Regarding mixing R10 reads with a small amount of coverage in R9 UL reads: Shasta is designed and written under the assumption that only one type of read is present, and does not do well in hybrid situations with mixed read types. For your situation, a possible way to proceed is to do a phased assembly using only the R10 reads. That would give pretty small phased bubbles, and you could then try and use some other tool (for example https://github.com/rlorigro/GFAse) to do additional phasing using the UL reads. But I know this suggestion is untested and a bit vague.

For the Shasta phased assembly you would use --config Nanopore-Phased-R10-Slow-Nov2022.conf if your reads were generated at 260 bases per second ("slow") or --config Nanopore-Phased-R10-Fast-Nov2022.conf if your reads were generated at 400 bases per second ("fast").

You could still try a Shasta assembly feeding it all the reads, and using those same assembly configurations.

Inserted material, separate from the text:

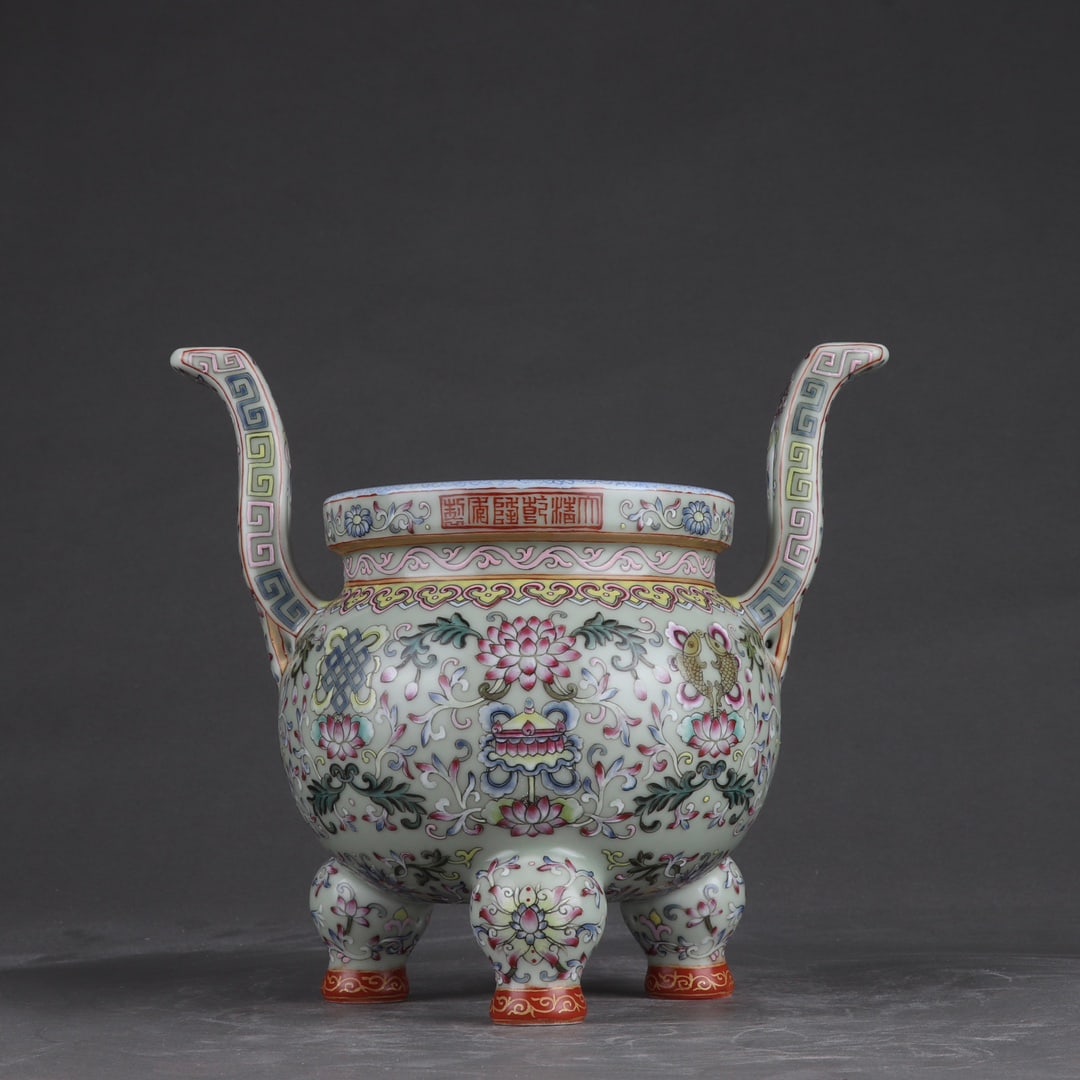 An Exquisite Celadon Glazed Famille-Rose Lotus Pattern Double-Ears and Tripod Censer: An Exquisite Celadon Glazed Famille-Rose Lotus Pattern Double-Ears and Tripod Censer,Qing Dynasty,China,Qianlong Six-character Mark,Size:7.5inx8.3in 青釉粉彩缠枝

But I doubt that it would do much better than the assembly that uses only the R10 reads. Without UL reads, the portion of sequence assembled diploid wil probably be small, unless this cell line is highly heterozygous.

Regarding triploid sequence: Shasta phased assembly works under a diploid assumption, and so it will not be able to phase those regions. The assembly graph can still contain those regions, but they will not be phased and the assembly graph in those regions could be messy.

paoloshasta commented 1 year ago

I am closing this due to lack of discussion. Feel free to reopen it or create a new issue if additional topics emerge.